And perhaps the ultimate insult: Children were to be instructed to be grateful to the authorities for “helping” their family members in this way. These instructions reveal that the Chinese government knows exactly the pain it is causing the children, and the risks it runs in alienating them. To mitigate this, it’s concocted a sophisticated lie to cover up what’s truly happening and threatens children if they speak up about their parents.

There are few silver linings on offer in these documents. But they do reveal snapshots of more humane behavior—not least in their leaking, a move that will undoubtedly prompt a furious search within the uppermost echelons of the Communist Party for those responsible. According to the Times, the leaker “expressed hope that their disclosure would prevent party leaders, including [President] Xi, from escaping culpability for the mass detentions.”

Officials in Xinjiang largely carried out their duties in establishing “political education” camps and otherwise enforcing Beijing’s crackdown. Yet some officials in southern Xinjiang resisted: One, Wang Youzhi, released 7,000 people from a camp. Another, Gu Wensheng, tried to block some detentions. Both lost their jobs and were prosecuted for their refusal to follow orders, yet the fact of their resistance suggests that the objections to President Xi Jinping’s brutality in Xinjiang is not purely external.

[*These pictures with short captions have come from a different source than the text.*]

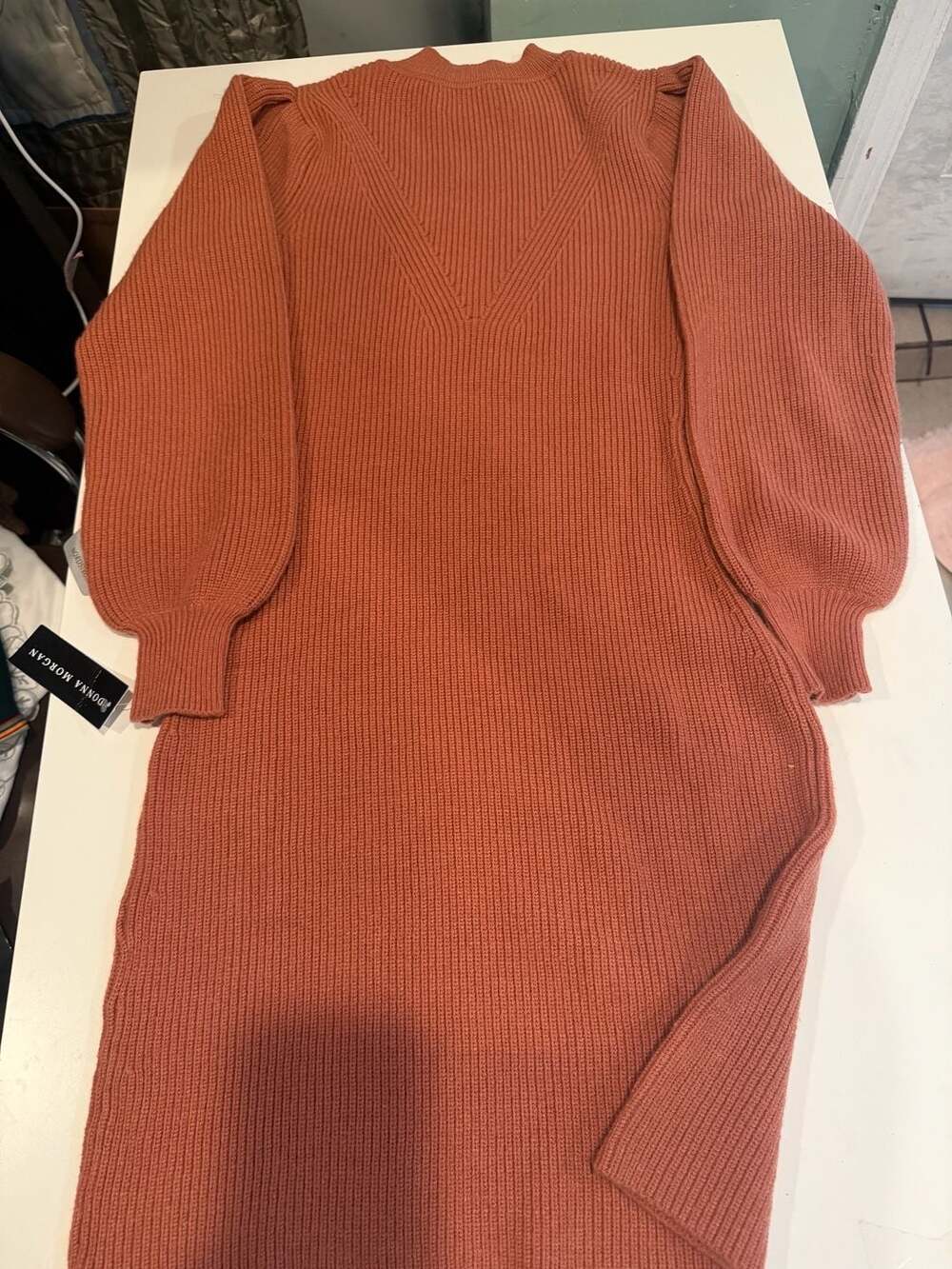 Donna Morgan Ribbed Knit Long Sleeve Puff Sleeve Sweater Dress - Picture 8 of 8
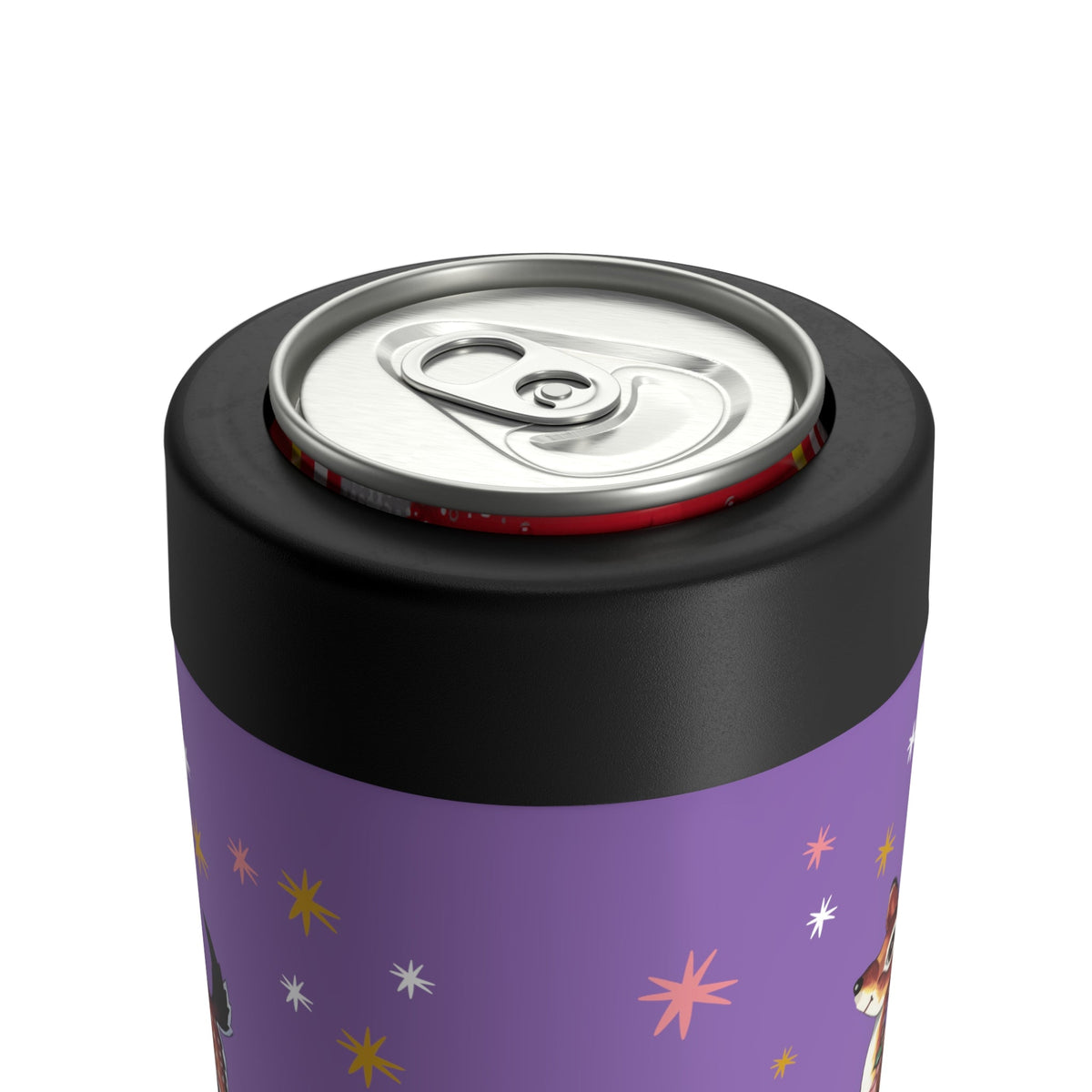 Reindeer Stars Mid Century Purple Retro Christmas Print Stainless Steel Can Holder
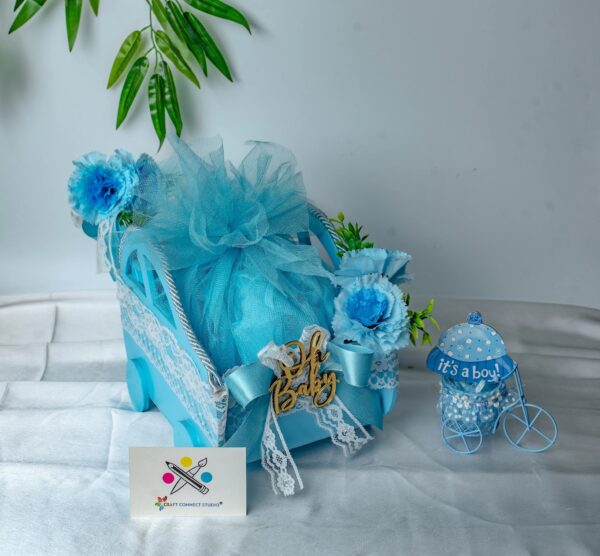 Baby Blue Pinewood Cart Hamper - Image 2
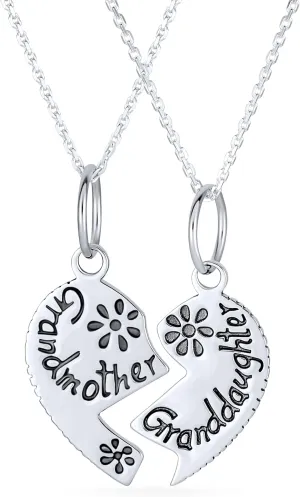 Bling Jewelry Personalize 2 Part Puzzle Split Heart Engravable Word Grandmother Granddaughter Pendant Necklace For Grandma .925 Sterling Silver
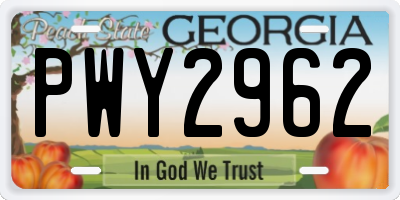 GA license plate PWY2962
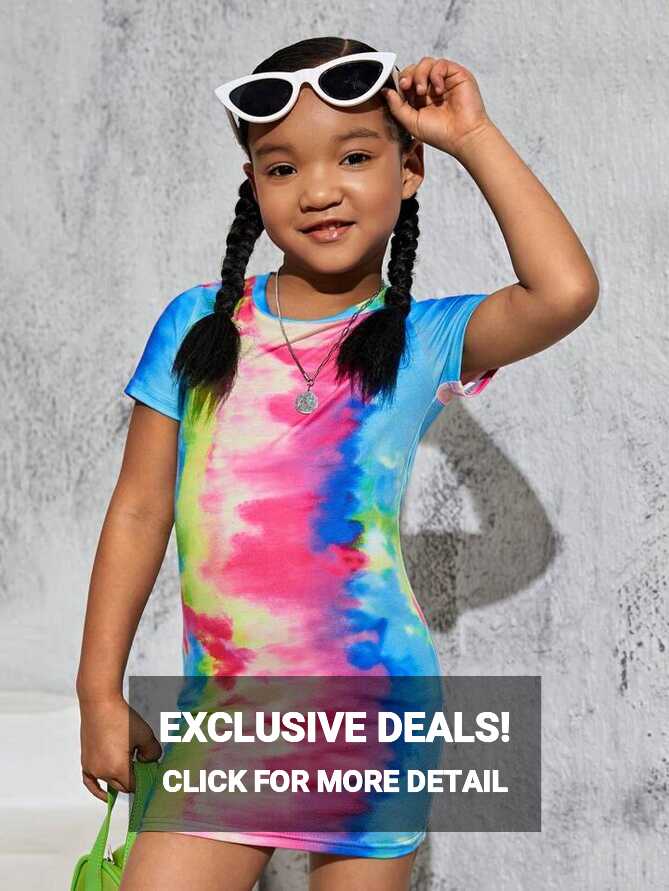 SHEIN Toddler Girls Tie Dye Fitted Dress | SHEIN USA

It’s telling that the Chinese government has not denied the authenticity of some of the documents. The outstanding challenge, though, is to use this as well as other evidence available to hold accountable those responsible for serious human rights violations, including President Xi, Xinjiang Party Secretary Chen Quanguo, and former Xinjiang Deputy Party Secretary Zhu Hailun, through tools like the Global Magnitsky Act.

U.N. Secretary-General António Guterres, U.N. High Commissioner for Human Rights Michele Bachelet, and government leaders should not just publicly condemn the officials behind these documents, but vigorously pursue all avenues for justice, including through an independent investigation into these mass arbitrary detentions. Children across Xinjiang, and their parents, deserve no less.